The GA 08-like isolate was 94% similar to the original GA 08 IBV S1 spike protein — the main part of these viruses that help characterize them. When two IBVs are less than 90% identical in that spike protein, they tend to be from different serotypes, Cookson explained.
To explore vaccine protection against the GA 08-like IBV, investigators at the Mississippi Veterinary Research and Diagnostic Laboratory, with support from Zoetis,
conducted an IBV challenge study in commercial broilers. They tested various vaccine combinations against the GA 08-like virus (Figure 2). In addition, birds vaccinated with
GA 08 were compared for their ability to protect against both the original GA 08 and the “drifted” GA 08-like isolate.

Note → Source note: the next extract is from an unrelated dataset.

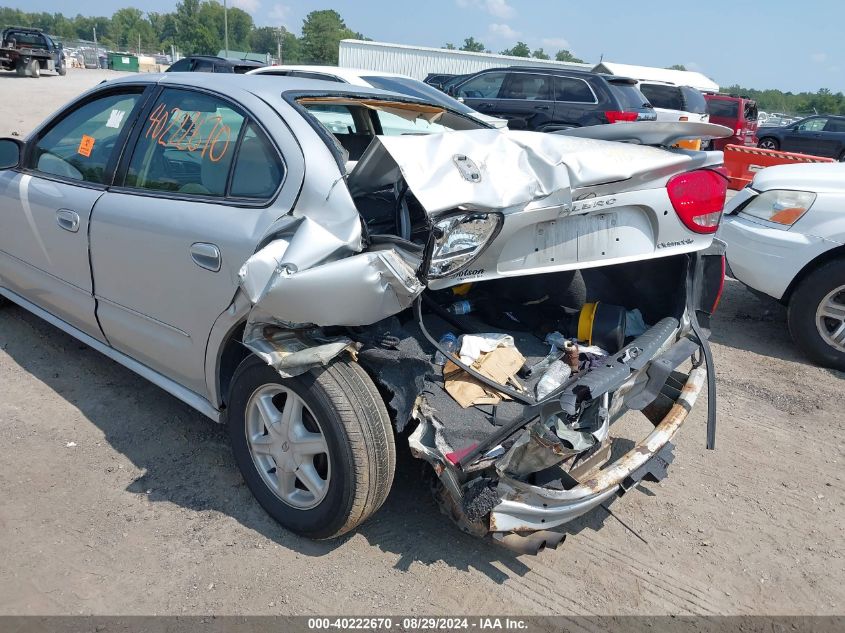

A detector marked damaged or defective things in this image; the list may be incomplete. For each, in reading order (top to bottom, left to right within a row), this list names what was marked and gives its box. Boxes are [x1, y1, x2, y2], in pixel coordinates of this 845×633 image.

|Group||IBV vaccines administered on day of hatch||Day 20 challenge||Day 21 challenge||Number of birds|
|1||Mild Massachusetts + Arkansas combination||n/a||GA 08-like||10|
|2||Mild Massachusetts + Arkansas combination + GA 08||n/a||GA 08-like||10|
|3||GA 08||n/a||GA 08-like||10|
|4||Holland + Arkansas||n/a||GA 08-like||10|
|6||None||No challenge||No challenge||10|
|7||GA 08||GA 08||n/a||10|
Fig 2. Study design
In the study, birds were vaccinated at day of age by eye drop and challenged with the GA 08-like virus at 21 days of age. Five days after challenge, researchers determined the efficacy of the vaccine programs based on clinical signs, airsacculitis and the ciliostasis test. With real-time polymerase chain reaction testing, they also determined cycle threshold values, which is an indication of viral load.
The GA 08 vaccine given by itself resulted in the most consistent reduction in pathology and viral load after challenge. “What does this say about serotype competition for immunity and how many IBVs we can or should use?” Cookson asked. “Obviously, in most cases of high field challenge, it’s not practical to vaccinate with only one serotype, but we should try not to present more serotypes than we need.”